Le principe du régime nordique repose sur une alimentation locale et de saison, riche en fibres, avec peu d’aliments d’origine animale (à l’exception des produits de la mer) et exclut les aliments transformés et leurs ingrédients (sucres, additifs…).

Afin de démontrer qu’il est sûr, réalisable et, en exposant les jeunes enfants à une variété de saveurs, qu’il peut influencer ‘positivement’ les préférences alimentaires à long terme, une équipe de chercheurs a mis en place l’essai randomisé OTIS. Au total, 250 nourrissons ont été inclus à l’âge de 4 à 6 mois dont 82 % ont terminé l’essai (suivi jusqu’à 18 mois).

Les uns (n=125) suivaient le régime nordique comportant des aliments faits maison selon des recettes nordiques, des produits alimentaires pour bébés à teneur réduite en protéines (-30 %), et leurs parents recevaient des conseils de l’équipe diététique. Les autres (n=125) bénéficiaient de l’alimentation conventionnelle actuellement recommandée par l’Agence suédoise des aliments.

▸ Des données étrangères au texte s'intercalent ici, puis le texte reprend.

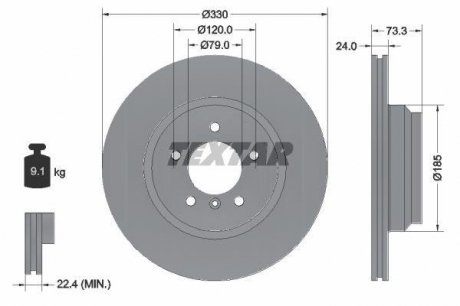 Вентилируемый тормозной диск textar 92137805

Le régime nordique fait aimer les fruits et légumes


L’étude montre des différences marquées dans les habitudes alimentaires des tout-petits selon le groupe. Les enfants du groupe régime nordique consomment 42 à 45 % de fruits et légumes en plus à l’âge de 12 et 18 mois, par rapport à ceux nourris avec le régime conventionnel (p<0,001).

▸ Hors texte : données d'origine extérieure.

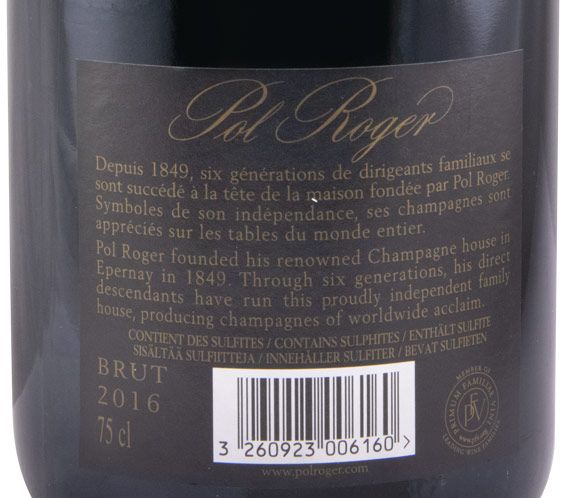 2016 Champagne Pol Roger Vintage Bruto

Alors que la consommation de fruits dans ce groupe reste régulière, les bébés nourris avec le régime conventionnel réduisent leur consommation de légumes de 36 % entre l’âge de 12 et 18 mois. Les bébés suivant le régime nordique avaient un apport moyen en protéines inférieur de 17 % à 12 mois et de 29 % à 18 mois, par rapport à l’autre groupe (p<0,001), avec un nombre total de calories similaire.

Cette diminution de l’apport protéique se rapproche des recommandations de l’Organisation Mondiale de la Santé (OMS). En revanche, les enfants du groupe régime nordique consomment plus de glucides provenant de légumes, et un peu plus de graisses provenant de l’huile de colza. Aucune différence de croissance, évaluée sur l’indice de masse corporel (IMC), n’a été mise en évidence entre les groupes. Le chercheurs n’ont par ailleurs constaté aucun effet négatif ni sur la durée de l’allaitement ni le statut en fer.

Un début précoce


Cette recherche pourrait ouvrir la voie à l’élargissement du spectre du goût chez les nourrissons et potentiellement fournir une stratégie efficace pour inculquer des habitudes alimentaires plus saines tôt dans la vie. Les chercheurs estiment que, faire gouter de façon répétée de petites portions d’aliments du régime nordique entre 4 et 6 mois, en amont de la diversification, a participé à l’adhésion à ce régime.

Le régime nordique suppose une consommation plus élevée de fruits et de baies (airelle, canneberge, framboise, myrtille), de légumes (céleri, choux, brocoli), d’herbes, de champignons, de tubercules (navet, panais, carotte, betterave) et de légumineuses, produits de manière régionale et saisonnière, ainsi que de grains entiers, d’huiles végétales, de poisson et d’œufs, et une consommation plus faible de bonbons, desserts et produits laitiers, ou de viande.

Les effets à plus long terme, sur le régime diététique, la composition corporelle et d’autres paramètres métaboliques seront évalués par le suivi de ces enfants jusqu’à l’âge de 7 ans.

Dr Dominique-Jean Bouilliez

Référence
Johansson U, et coll. A randomised, controlled trial of a Nordic, protein-reduced complementary diet: Effects on dietary intake, biomarkers and growth until 18 months of age. Presented at the 54th Annual Meeting ESPGHAN, Copenhague, 22–25 juin 2022.